Showing posts with label Mad Magazine. Show all posts
Showing posts with label Mad Magazine. Show all posts

Tuesday, July 28, 2009

COCKMAN


Sorry about missing the last few days. I'm still recovering from the San Diego Comic-Con. I went down there to promote a new comic book that's being published by Dark Hung-Like-A-Horse Comics--COCKMAN! It's about a famously endowed porn star who battles sexual dysfunctions, hang-ups and bad technique in Valleyopolis. A host of arch criminals--Viagron, Dry Pussy, Early Worm and Harry Ass--force the reluctant COCKMAN into service, his only weapon 9 and 3/4" of fighting magic!

Anyway, Ron and I did a Q&A panel to a room packed with over 2000 people. It was really fun, and the best news is that Sony later approached the publisher (and us) about a movie adaptation! Apparently Stacey Snider, who runs the studio, loves giant cocks and will personally shepherd this project through development. Stacey threw out some casting ideas--Jackie Earle Haley as Early Worm, Richard Moll as Viagron and possibly Sally Field as Dry Pussy.

I know I've got a lot on my plate, folks--training to hit a major league fastball, running for Congress and now this, but I think I can stay hard for all these adventures. For I....am....COCKMAN!*



*COCKMAN and all COCKMAN-related properties ® Sony Pictures Entertainment. All rights reserved.

Thursday, May 28, 2009

Deconstructing Hairy


Goddamn I am one hairy fuck. I'm not even talking about Ron's mane or his signature 'stache. I'm talking about me and the boys! Not to sound too Seinfeldian, but what's the deal with pubic hair? What evolutionary purpose does it serve? To keep me warm?

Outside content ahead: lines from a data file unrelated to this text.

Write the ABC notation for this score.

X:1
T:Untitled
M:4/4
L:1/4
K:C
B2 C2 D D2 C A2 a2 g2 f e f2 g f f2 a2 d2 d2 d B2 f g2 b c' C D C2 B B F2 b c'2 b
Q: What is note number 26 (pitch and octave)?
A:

I'm trapped in underpants all day with a pupik the size of an Earl Anthony special sheltering me from the elements. Or I'm inside of someone's warm, wet hole.

It can't be about appearance, because few things are less attractive than the black brillo brush that goes for the landscape of my surrounding acreage. I'm sure the ladies don't dig it. Hair traps dirt and cum, and there's always, always a strand that bolts from the pack to start a new life on their tongues, only to be denied such during a momentary pause in head.

Some say "It's beautiful because it's natural."

But Sherman Potter would say, "Horse hockey!" I mean feces is natural too, but you don't see chicks burying their faces in it, even for money (well, I've seen that, but Ron knows some strange characters). And it's not like he styles it or even brushes it. That black wad of steel wool just sits there, contributing zero to my work and obscuring the fullness of my glory. I wish the guy would just shave me clean. Guys in porn do it all the time! Peter North? Man-size balls, toddler smooth. Physicists would be hard pressed to measure a fraction of friction on that package. But RJ? I haven't seen his scrotum since 1964. And as he gets older, it's only going to get worse. That mound is gonna climb me like ivy and soon I'll only look about eight inches long. Oh, the humiliation!